I was quickly joined on the front lawn by everyone I knew and a number of people I couldn’t recall having seen before.
Everyone was there except for Mrs. Miller, an elderly woman who lived across the hall from me, one apartment down.
I had knocked on her door and shouted a warning about the fire.
“Thanks, Paul,” she yelled.
Now, five minutes later, she was still yelling—screaming, actually—with her voice ringing out from the open window of her now-smoke-filled apartment.
“Harold!” she screamed. “Where are you, Harold! Come to Mama! Please, Harold! I can’t see you so you’ve got to come to me!”
When the first fire truck arrived, I grabbed one of the crew and told them that Mrs. Miller was still inside Apartment 2-D.
Flames were now visible in her window.
“Harold!” she shrieked.
If she said or shouted anything else it must have gotten lost in the growling, crackling roar of the flames because I never heard her voice again.

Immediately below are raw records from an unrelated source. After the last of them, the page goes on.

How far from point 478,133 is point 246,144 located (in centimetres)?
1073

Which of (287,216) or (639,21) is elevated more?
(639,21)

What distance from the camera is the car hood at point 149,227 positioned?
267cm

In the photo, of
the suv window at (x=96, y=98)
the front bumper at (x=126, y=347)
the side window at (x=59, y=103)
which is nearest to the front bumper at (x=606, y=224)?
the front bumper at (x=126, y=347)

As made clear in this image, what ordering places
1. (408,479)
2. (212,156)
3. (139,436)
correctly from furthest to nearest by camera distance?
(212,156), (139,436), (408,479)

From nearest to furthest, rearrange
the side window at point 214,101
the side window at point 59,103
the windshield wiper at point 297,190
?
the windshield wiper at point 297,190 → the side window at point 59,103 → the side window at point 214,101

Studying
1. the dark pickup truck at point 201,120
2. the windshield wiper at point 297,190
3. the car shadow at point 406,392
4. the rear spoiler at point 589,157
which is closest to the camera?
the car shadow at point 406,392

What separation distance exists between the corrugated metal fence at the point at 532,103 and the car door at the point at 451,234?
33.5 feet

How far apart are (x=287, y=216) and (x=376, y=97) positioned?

As I watched my apartment turn to ash, I felt something rub against my ankle.
“Why, hello, Harold,” I said, as I picked up the trembling cat and held him as close to my chest as he would allow.
Like I said, I never wanted to be a hero, but when I salvaged what little I could from my charred unit and moved into a new apartment down the street, I took Harold with me—even though my lease doesn’t allow pets in the building.
I couldn’t bring myself to give Mrs. Miller’s beloved cat to the animal shelter.
Keeping him was the least I could do.
But don’t get the wrong idea.
If a fire breaks out in my new apartment building, Harold will have to fend for himself.